[Data extracts Boundary: Start]

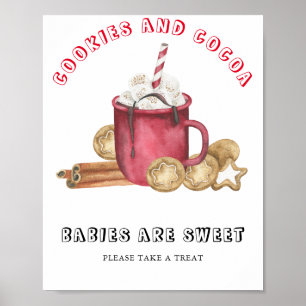 Poster Cookies au gingembre avec des bébés en cacao sont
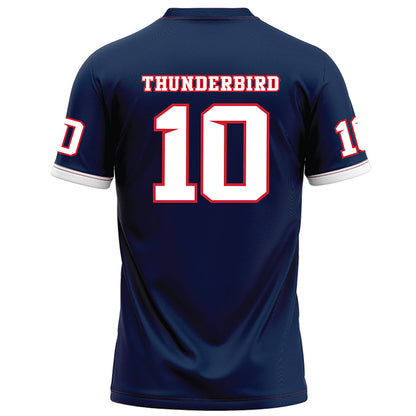 Fresno State - NCAA Football : Kvion Thunderbird - Blue Football Jersey-1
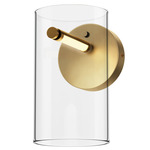 Polo Wall Light - Gold / Clear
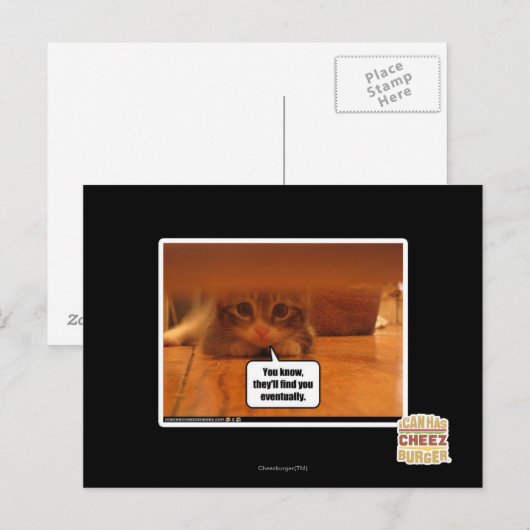 Sie werden dich finden postkarte (Vorne/Hinten)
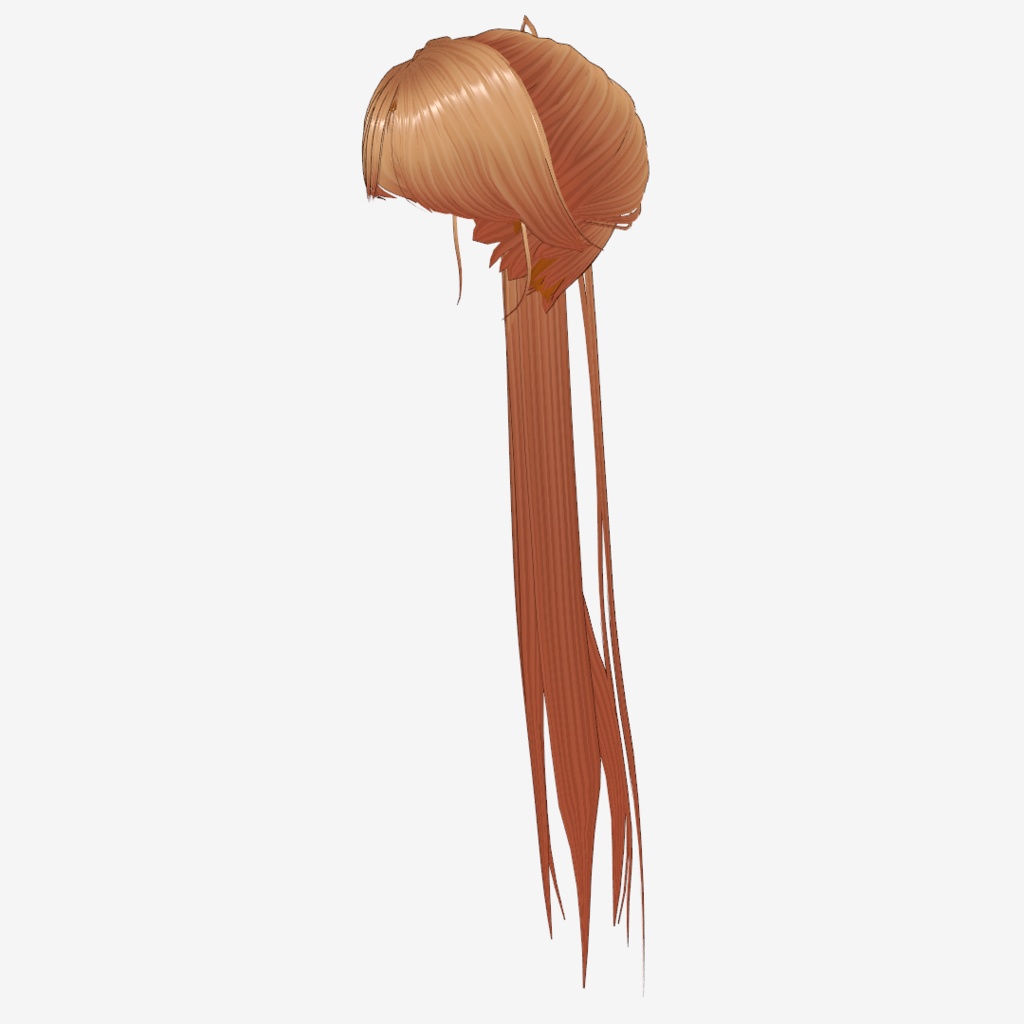 VRoid Hair presets オトナっぽいサイドポニーテール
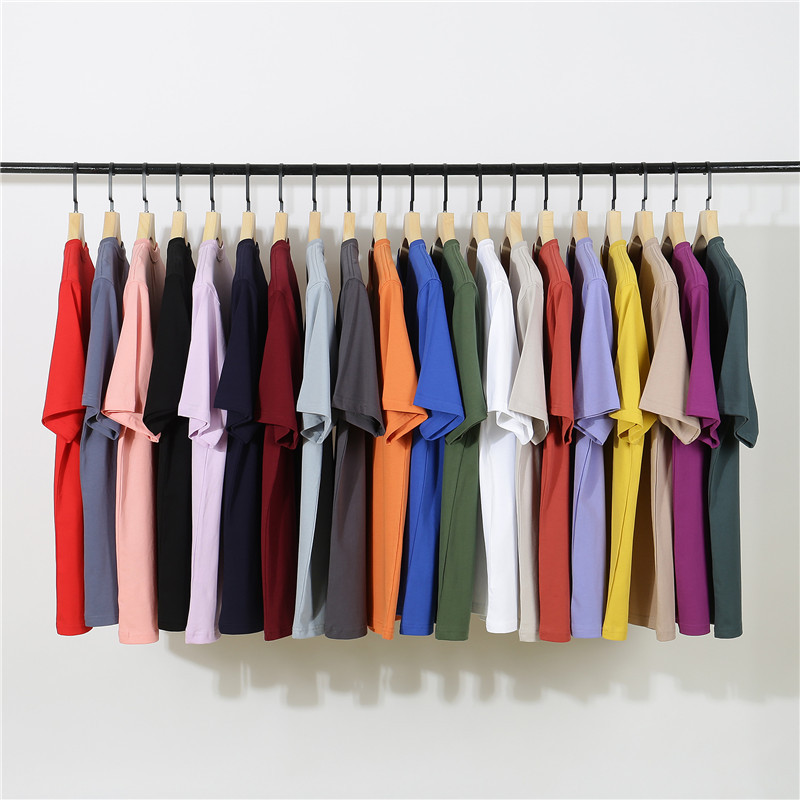 20 colors 100% cotton solid color crew neck T-shirt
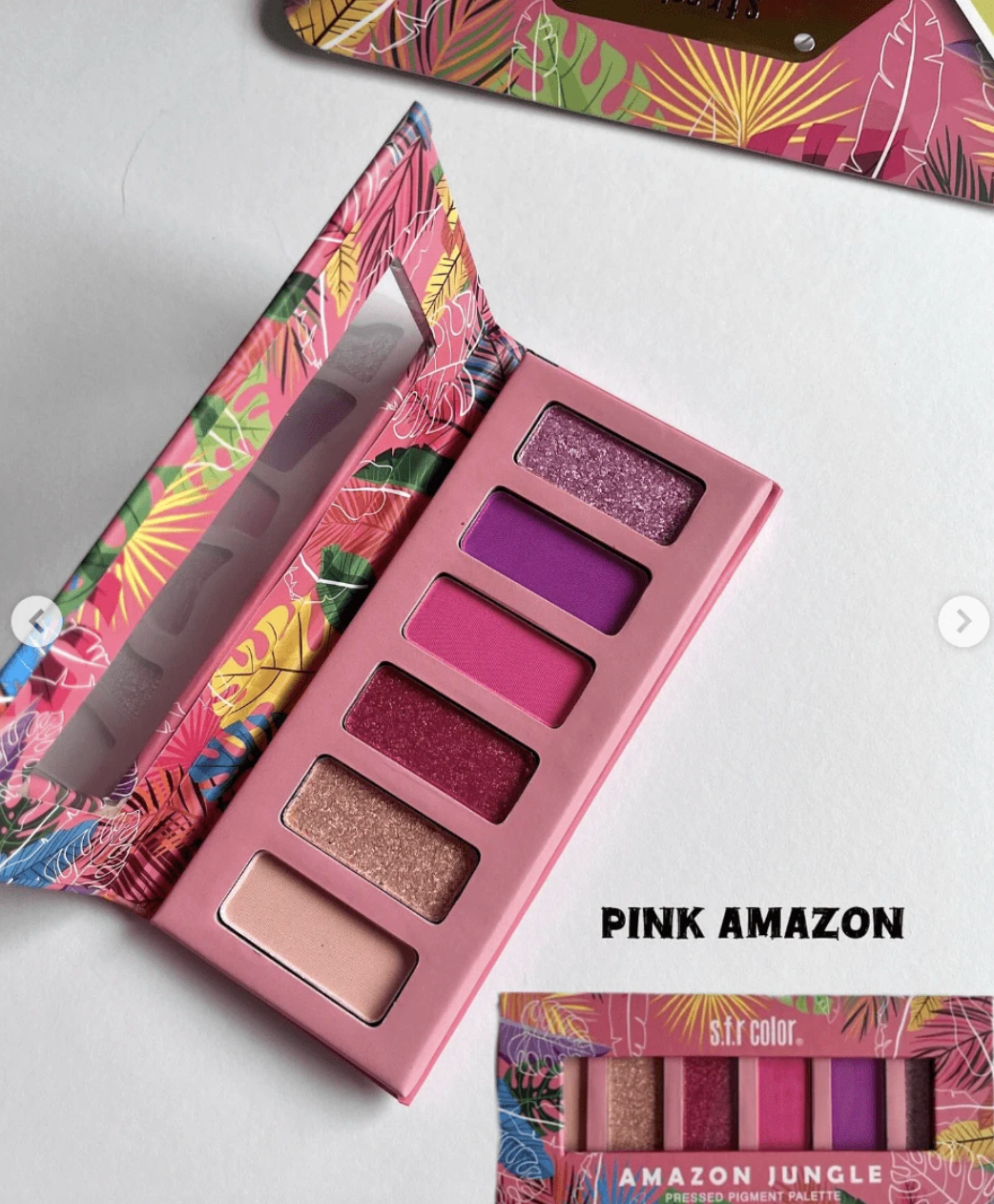 Paleta de Sombras para Ojos- Amazon Jumglle- SFR Color
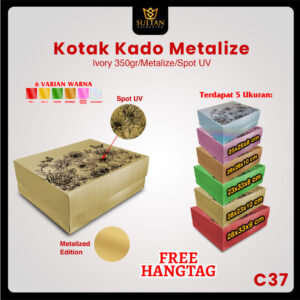 Kotak kado hologram / Box premium metalize / Dus mewah /C37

[Data extracts Boundary: End]

What is needed is an exact copy of the data, without any pictures.

 Poster Cookies au gingembre avec des bébés en cacao sont
 Fresno State - NCAA Football : Kvion Thunderbird - Blue Football Jersey-1
 Polo Wall Light - Gold / Clear
 Sie werden dich finden postkarte (Vorne/Hinten)
 VRoid Hair presets オトナっぽいサイドポニーテール
 20 colors 100% cotton solid color crew neck T-shirt
 Paleta de Sombras para Ojos- Amazon Jumglle- SFR Color
 Kotak kado hologram / Box premium metalize / Dus mewah /C37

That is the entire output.